US funds boost Canadian energy stakes, seeking steady returns as global demand patterns evolve
US institutional investors are showing unprecedented interest in Canadian oil assets. They now own nearly 60 percent of the country’s oil and gas companies.
This shift is reshaping capital flows and return expectations in the energy sector, according to BMO Capital Markets managing director Jeremy McCrea, as cited by CBC News.
This “rotation” of capital is being driven by a combination of friendlier federal government rhetoric, improved export capacity, and the perception that Canadian energy companies are more likely to return cash to shareholders in the years ahead, McCrea explained.
He noted that, while lower oil prices have generally dampened enthusiasm, US portfolio managers increasingly prefer Canadian energy stocks over their domestic options: “You are seeing more US investors saying, ‘If we have to hold energy, we'd rather hold Canadian energy here today.’”
The trend is visible at the company level.
Grant Fagerheim, CEO of Whitecap Resources, reported that US institutional holders now make up about 66 percent of his company’s base, up from 60 percent at the end of last year.
Brian Schmidt, CEO of Tamarack Valley Energy, observed that US ownership of his firm has doubled since before the pandemic, rising to 40 percent, and that American investors show far more willingness to engage than their Canadian counterparts, particularly pension funds.
A shift in tone from Ottawa has also played a role.
McCrea pointed out that the investment uptick accelerated about a year ago, when federal Conservatives were leading in the polls and promising major policy changes to support the oil and gas sector.
Even after the Liberals’ re-election, Prime Minister Mark Carney’s pledge to make Canada an energy “superpower” has contributed to a more welcoming climate for investors.
Structural advantages further underpin the appeal of Canadian energy.
Oilsands projects, while costly to build, offer decades of low-cost production and have recently focused on returning capital to shareholders rather than expansion.
“We see these companies generating a lot of cash and returning almost all of it to the shareholders,” said David Samra, a portfolio manager at Artisan Partners, which invests in Suncor Energy. “That's the future that we see, and we find that future to be very attractive.”
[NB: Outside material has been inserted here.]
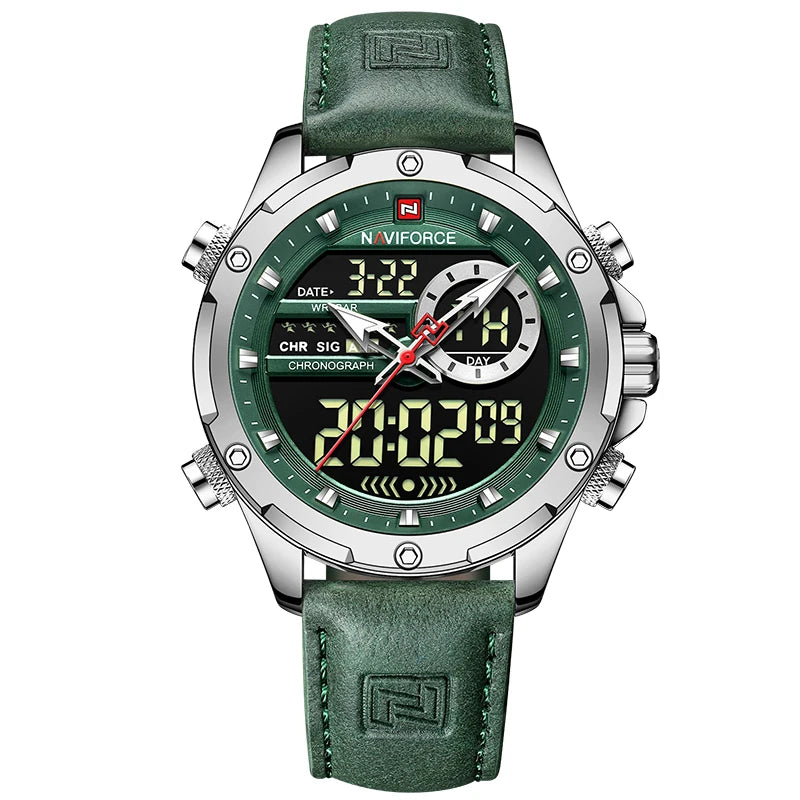 Men's Digital Military Sport Watch Waterproof LED Quartz Wristwatch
Meanwhile, Canadian oil exports to China are surging, with nearly 5 million barrels shipped from Vancouver in the first half of October—a record pace, according to Vortexa ship tracking data.
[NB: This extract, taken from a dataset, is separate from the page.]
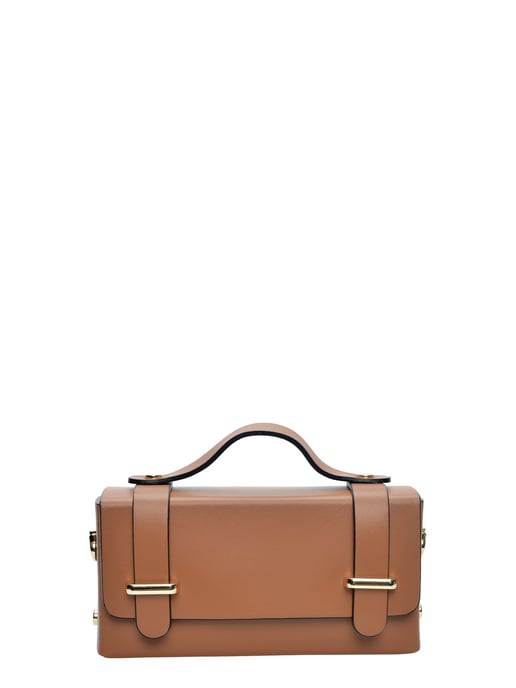 Isabella Rhea Brown Rundleer Tas - Image 1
Bloomberg reports that the majority of these shipments are destined for China, as the country pivots away from US crude amid escalating trade tensions and new port fees on American-linked vessels.
For the first time since at least September 2024, Vancouver crude is trading at a premium to Canadian barrels sent to Texas, reported Argus.
With US oilfields facing diminishing returns and Canadian companies prioritizing shareholder payouts, the Canadian oilpatch is increasingly positioned as a stable, cash-generating asset class for global institutional investors.
As Fagerheim observed, “The world has taken notice as well.”